いやぁスッキリしたわ、大分頭にきてたけど今はいつも通りだしな……これが噂の賢者モードというやつか?
「よし、レティスさん?座れ」
「わ、私はここで」
忍び足で逃げ出そうとしたレティスの首根っこを掴み目の前に座らせる。
俺は忘れていなかった、重大な事を。
「なんで座らせられてるのか分かるか?」
「えぇと、お肉を食べさせたからでしょうか」
「へぇ、なんの?」
「そ、それは……」
レティスが目を逸らしながら小さい声で呟く。
あれ、なんか楽しくなってきた。申し訳なさそうなレティスが新鮮だからかな?
まぁとりあえずレティスさんのお陰で大変な目にあったから反省してもらわねば。
「邪神竜のお肉です」
「ったく、大変だったんだからな?全身溶ける様に痛いし竜になるし危うくみんなを助け損なうところだったんだから」
「竜?そういえばさっきまでいた黒い竜がいなくなってる……もしかしてあれって」
「あぁ、黒い竜?それ俺」
レティスはもちろん話を聞いていたルミリア達も驚いた表情で口を開けたまま動かなくなった。

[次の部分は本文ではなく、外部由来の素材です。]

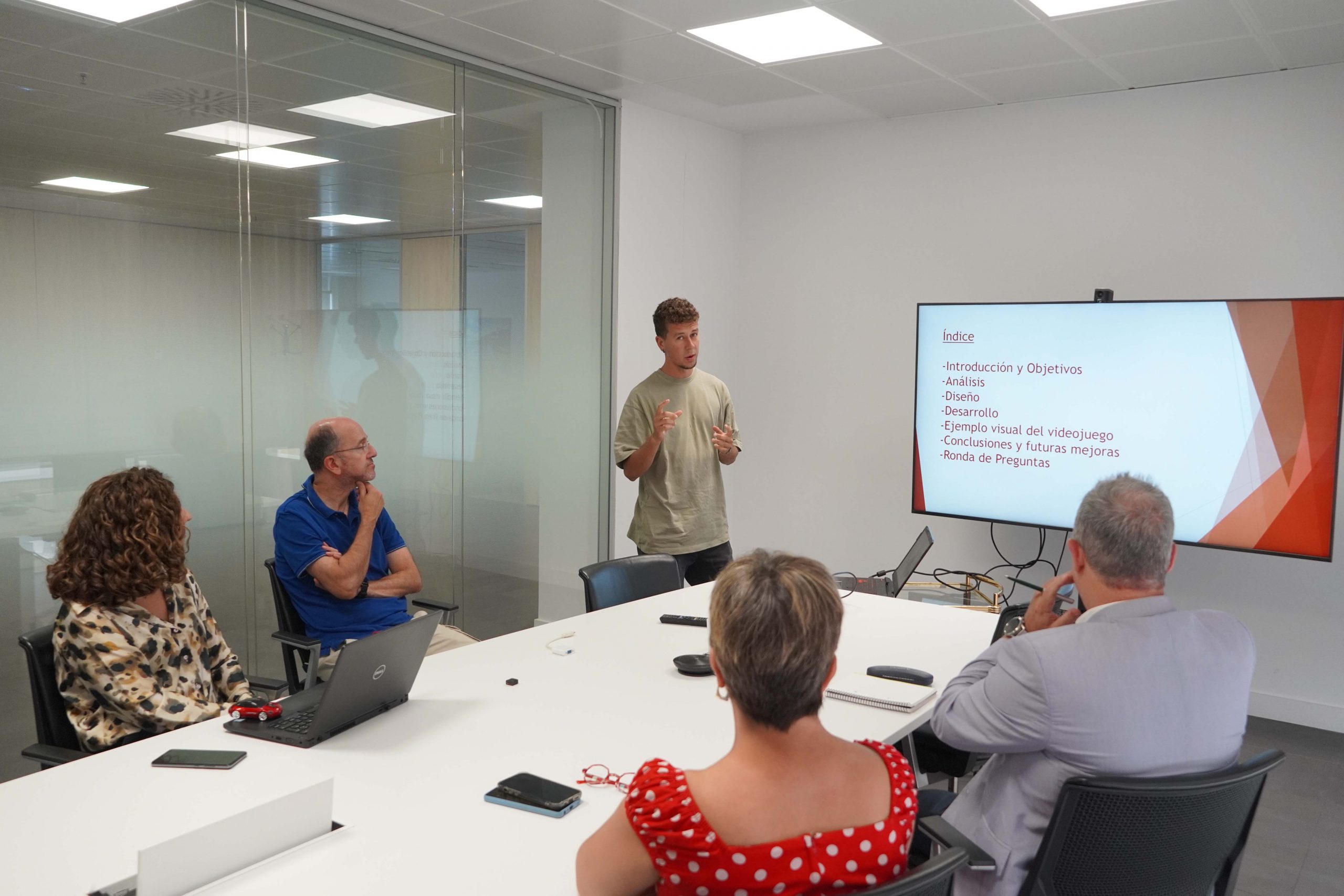 Pablo Valcarce, durante un momento de la presentación realizada en las oficinas centrales de MAPFRE en Las Palmas de Gran Canaria.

そういえばそうだった、竜化の呪いといてくれたあの子にお礼言わないと。あの子がいなかったら今頃大変だと思うし。
「えぇっとリリィさんだっけ?さっきは助けてくれてありがとう、助けられていて言うのもなんだけど……なんで助けてくれたの?」
「助けて貰ったのは私もだし、放って置けなくて」
本当感謝しないとな、実際リリィさんがいなかったら助けられなかったかもしれないし……2度と竜化はゴメンだな、動きづらいし何より魔法使えないからな。
結果として助けることは出来たけどやっぱりルミリアが狙われてるんだな……これからどうするべきか。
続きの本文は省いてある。